Then you can’t go to Europe. Or take a holiday on the road to a raucous music festival. Or sunbathe on the beach.
It’s a summer of COVID-19, but turning the stage, while meeting other people and finding sustainable agriculture, is possible. Just look for global opportunities on biological farms.
The organization, founded in Britain in 1971, connects volunteers, or WWOOFeurs, and farms in 132 countries. WWOOFeurs come with budding farmers and curious travelers who paint a few hours a day in exchange for accommodation. Participation is free, the annual club fee ($40 in the U.S.) And transportation to the farm.
For participants in the middle of the pandemic, the organization recommends that their hosts allow volunteers to quarantine themselves upon arrival and practice physical estrangement, based on an advertisement on their website.
Potential volunteers will also have to adhere to the protection rules described through the National Centers for Disease Control and Prevention and their local government and not volunteer if they have symptoms or feel sick.
A recent search in WWOOF USA shows that nearly 1,400 hosts, many of whom function as must-have agricultural businesses, are open to volunteers. About two hundred are in California.
A farm wants to milk goats to get cheese. Another asks in the harvest of peaches and nectarines. Potential volunteers can eliminate search effects to see nearby villages they would like to visit, the animals they would like to observe and more.
At Palindrome Volunteer Farm and at the Valley Center home in San Diego County, WWOOFeurs will have to be quarantined for two weeks upon arrival. They get their own tent or caravan with an outdoor bath and shower and will have to prepare their own food and wear a mask when they are within 12 feet of others.
“I don’t ask other people to sit in a corner all day,” host Lisa Lillie said. “Our WWOOFeurs have the most productive view of the property. Your caravans overlook the sea. Our garden is Palomar Mountain.
After two weeks, volunteers are loose up to the percentage of food with the host, swim in the pool and care for rabbits while helping to set up a hydroponic farm.

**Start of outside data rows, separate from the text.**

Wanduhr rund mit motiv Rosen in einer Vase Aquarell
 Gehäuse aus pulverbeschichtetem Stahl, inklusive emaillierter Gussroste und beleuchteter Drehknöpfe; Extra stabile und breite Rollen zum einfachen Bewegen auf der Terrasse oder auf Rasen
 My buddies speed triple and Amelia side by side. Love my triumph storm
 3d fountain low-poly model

Future volunteers will not allow remote paintings or studios to save them from WWOOFing, Lillie added. Their volunteers paint on site for a few hours a day and then are loose to examine or pursue their interests from home. A volunteer from Brazil took advantage of her free time to run her interior design business and be informed in English.
Vera Valdivia-Abdallah, who runs Love This Horse Equine Rescue in Mojave, has other guidelines. It houses only one WWOOFeur at a time instead of the previous four. She asks volunteers to move socially before arriving and prefers to stay at least a month to communicate with too many newcomers.
“We think the fewer people, the better,” Valdivia-Abdallah said.
Lillie also believes that WWOOFeurs choose to stay longer and more immersive, while COVID-19 rates remain the best instead of the existing week.
“People can think of WWOOFing as a position that should not be approved for only two weeks, and yet say, “Where do I need to be culturally informed and where should I delight with others?” he said. “When other people travel, it’s an invaluable education.”